Evaluation of Histone Demethylase Inhibitor ML324 and Acyclovir against Cyprinid herpesvirus 3 Infection

by Selleckchem | Nov 16 2023

Cyprinid herpesvirus 3 (CyHV-3) can cause severe disease in koi and common carp (Cyprinus carpio). Currently, no effective treatment is available against CyHV-3 infection in koi. Both LSD1 and JMJD2 are histone demethylases (HD) and are critical for immediate-early (IE) gene activation essential for lytic herpesvirus replication. OG-L002 and ML324 are newly discovered specific inhibitors of LSD1 and JMJD2, respectively. Here, HD inhibitors were compared with acyclovir (ACV) against CyHV-3 infection in vitro and in vivo. ML324, at 20-50 µM, can completely block ~1 × 103 PFU CyHV-3 replication in vitro, while OG-L002 at 20 µM and 50 µM can produce 96% and 98% inhibition, respectively. Only about 94% inhibition of ~1 × 103 PFU CyHV-3 replication was observed in cells treated with ACV at 50 µM. As expected, CyHV-3 IE gene transcription of ORF139 and ORF155 was blocked within 72 h post-infection (hpi) in the presence of 20 µM ML324. No detectable cytotoxicity was observed in KF-1 or CCB cells treated for 24 h with 1 to 50 µM ML324. A significant reduction of CyHV-3 replication was observed in ~6-month-old infected koi treated with 20 µM ML324 in an immersion bath for 3-4 h at 1-, 3-, and 5-days post-infection compared to the control and ACV treatments. Under heat stress, 50-70% of 3-4-month-old koi survived CyHV-3 infection when they were treated daily with 20 µM ML324 in an immersion bath for 3-4 h within the first 5 d post-infection (dpi), compared to 11-19% and 22-27% of koi in the control and ACV treatments, respectively. Our study demonstrates that ML324 has the potential to be used against CyHV-3 infection in koi.

Comments:

The passage you provided describes a study that investigated the effectiveness of two histone demethylase (HD) inhibitors, ML324 and OG-L002, against Cyprinid herpesvirus 3 (CyHV-3) infection in koi fish (Cyprinus carpio). Here's a breakdown of the key findings and implications of the study:

1. **CyHV-3 Infection in Koi and Common Carp**: Cyprinid herpesvirus 3 (CyHV-3) can cause severe disease in koi and common carp. It's a significant concern in the aquaculture industry, and there are currently no effective treatments available for this viral infection.

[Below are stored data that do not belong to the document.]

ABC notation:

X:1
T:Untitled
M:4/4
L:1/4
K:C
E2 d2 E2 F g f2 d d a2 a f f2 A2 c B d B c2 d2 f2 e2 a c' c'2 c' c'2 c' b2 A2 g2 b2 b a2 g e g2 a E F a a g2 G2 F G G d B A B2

2. **Histone Demethylases (HD) as Targets**: The study focused on two histone demethylases, LSD1 and JMJD2, which are involved in immediate-early (IE) gene activation essential for lytic herpesvirus replication. These demethylases play a role in the regulation of viral gene expression.

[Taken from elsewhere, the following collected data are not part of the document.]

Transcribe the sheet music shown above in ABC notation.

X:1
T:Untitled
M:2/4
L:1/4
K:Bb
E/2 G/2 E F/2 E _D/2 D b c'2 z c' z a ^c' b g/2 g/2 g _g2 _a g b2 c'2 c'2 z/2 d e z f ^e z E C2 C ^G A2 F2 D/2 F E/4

3. **Inhibitors Tested**: The researchers tested two specific inhibitors of histone demethylases: ML324, which targets JMJD2, and OG-L002, which targets LSD1. These inhibitors are newly discovered and were evaluated for their potential to inhibit CyHV-3 replication.

4. **In Vitro Results**:
   - ML324 at concentrations between 20-50 µM completely blocked CyHV-3 replication in vitro.
   - OG-L002, at 20 µM and 50 µM, showed 96% and 98% inhibition of CyHV-3 replication, respectively.
   - Acyclovir (ACV), a commonly used antiviral drug, achieved only about 94% inhibition at 50 µM.

5. **Gene Transcription Inhibition**: ML324 at 20 µM effectively blocked CyHV-3 immediate-early gene transcription within 72 hours post-infection (hpi), which is crucial for viral replication.

6. **Cytotoxicity**: The study found no detectable cytotoxicity in KF-1 or CCB cells treated with 1 to 50 µM ML324 for 24 hours. This suggests that the inhibitor is relatively safe for the tested cells.

7. **In Vivo Results**:
- In ~6-month-old infected koi, treatment with 20 µM ML324 in an immersion bath at 1-, 3-, and 5-days post-infection significantly reduced CyHV-3 replication compared to control and ACV treatments.
- Under heat stress conditions, daily treatment with 20 µM ML324 in an immersion bath within the first 5 days post-infection improved survival rates in 3-4-month-old koi compared to control and ACV treatments.

8. **Implications**: The study suggests that ML324 has the potential to be used as a treatment against CyHV-3 infection in koi. It appears to be effective in both in vitro and in vivo settings, and it shows promise in improving survival rates under stressful conditions. This research may lead to the development of a novel treatment strategy for CyHV-3 in koi and common carp, addressing a significant issue in aquaculture.

It's important to note that further research and clinical trials would be needed to confirm the safety and effectiveness of ML324 in a broader range of conditions and in different fish populations before it could be used as a standard treatment.